The long Fourth of July weekend will help. No one wants to be exposed either long or short over a four-day market holiday. I expect to see squaring of positions and declining volumes over the next two days as U.S. traders get ready for the weekend.

An oversold bounce next week is likely. The Standard & Poor’s 500 has dropped almost 200 points—18%–from the April 23 high at 1217 to today’s close at 1031. That’s a lot of plummeting in a very short period. That’s usually good for a bounce or two.

The beginning of earnings season on July 12. Earnings from individual companies could take some of the attention away from disheartening macroeconomic news. If worry about macroeconomic growth is what’s driving stocks lower, then a decent earnings report or two would help to convince at least some investors that not every company is headed into the dumpster.

European bank stress tests around July 16. If most of the Euro Zone banks pass the test, it will relieve the pressure on the entire sector. The problem right now is that everybody is worried about every bank. (For some good news on Stress Test Lite see my post )

The  successful IPO of the Agricultural Bank of China and the follow on stock offering from Banco do Brasil, the biggest bank by assets in Latin America, within the next two weeks would demonstrate that banks—well, some banks—can raise money in the capital markets.
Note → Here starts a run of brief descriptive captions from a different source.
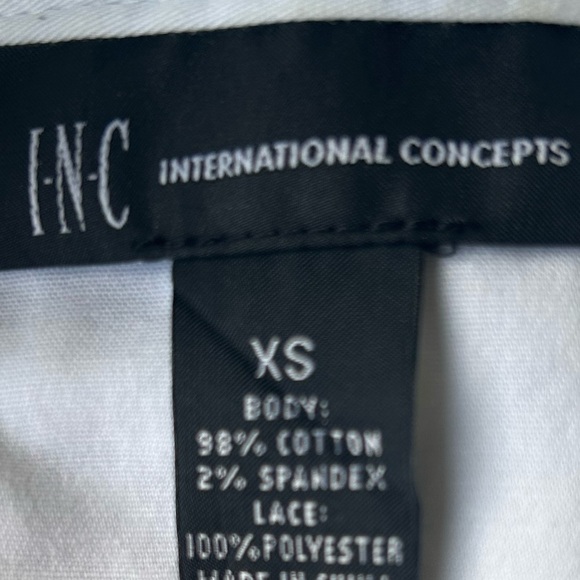 INC International Concepts White Zip  Jacket Lace Trim Excellent Size XS - Picture 6 of 7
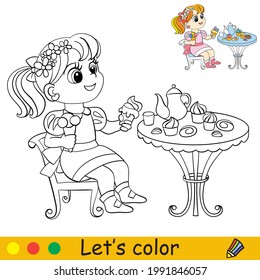 Cute little girl with ice cream sitting at the table with a tea set. Coloring book page with colorful template for kids. Vector isolated illustration. For coloring book, print, game, party, design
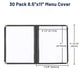 Clear Menu Covers 8.5x11 Black Menu Holder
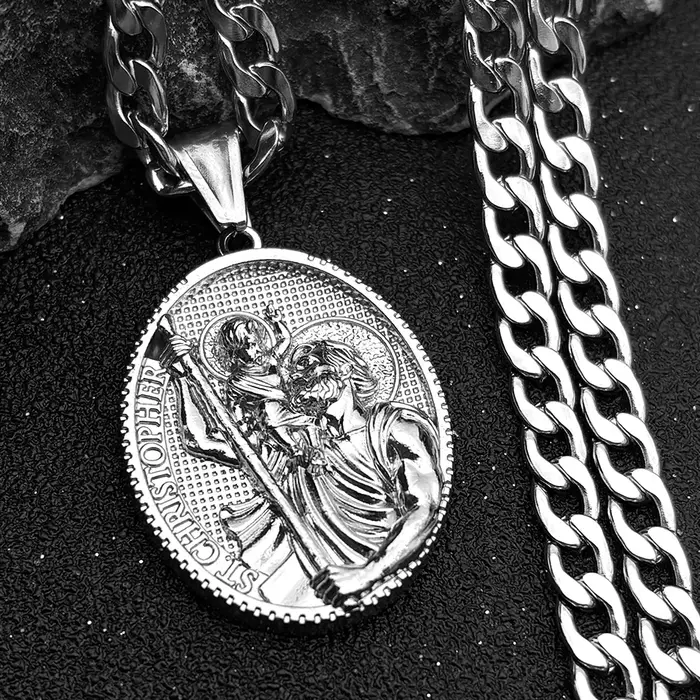 ST.Christopher protéger nous médaille collier pour hommes Saint Christopher acier inoxydable plaqué 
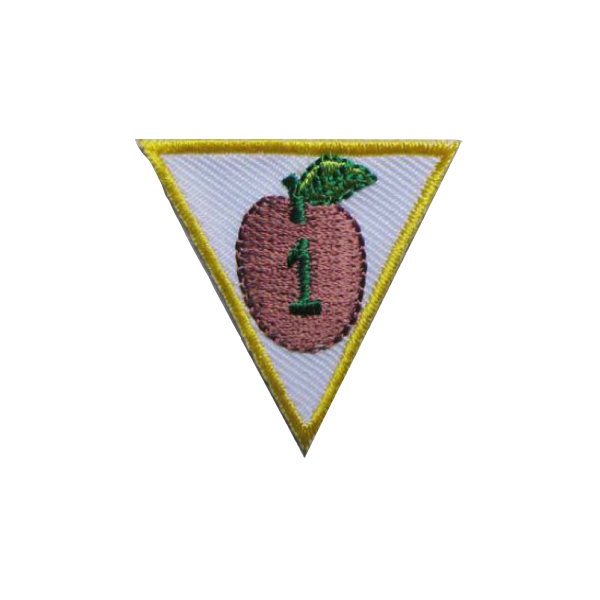 A triangle with an apple and the number 1 on it badge.
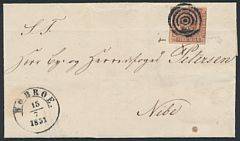 1851. 4 RBS Ferslew. Brev fra HOBROE 15.7.1852 til Nibe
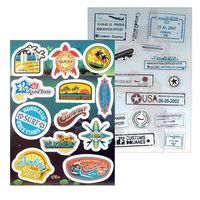 T&B 2PCS Multi Countries Retro Vintage Landmark Monument Travel Airline Plane Patterns Stickers Luggage Suitcase Laptop Waterproof Stickers Children's Room Decor Labels A4#20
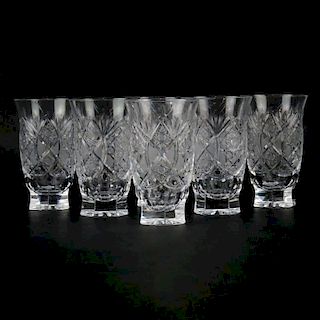 Six (6) Vintage Cut Glass Water Glasses. Unsigned.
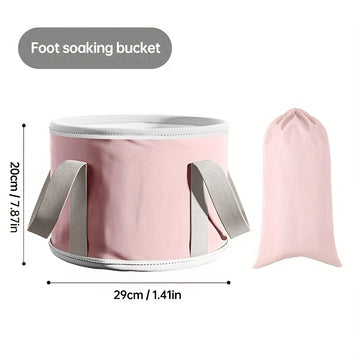 Explor Foot Spa - Cubo Portátil Plegable para Baño de Piernas y Pies con Asas Ergonómicas, Sin Necesidad de Electricidad, No Tóxico & Libre de Formaldehído, Diseño Rosa y Gris para Relajación en Casa o Viajes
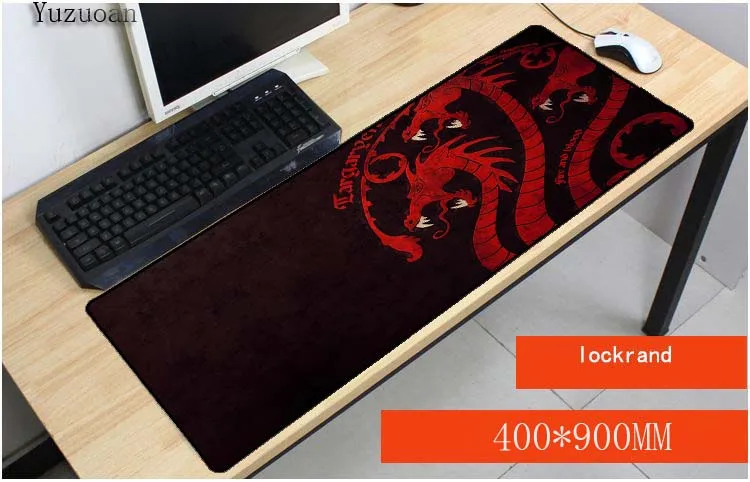 Yuzuoan 900*400*3mm Game Of Thrones House Speed Gaming Game keyboard Table Mouse Mats Large Lock Ed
Unfortunately, I don’t think these events add up to enough to turn the trend upward for more than a few weeks. Looking out further, I think this down turn—certainly now a correction and heading for worse—has further to run over the next two to three months.

It’s going to take real evidence that economic growth isn’t collapsing in developed economies and seriously slowing in the developing world to turn the trend around.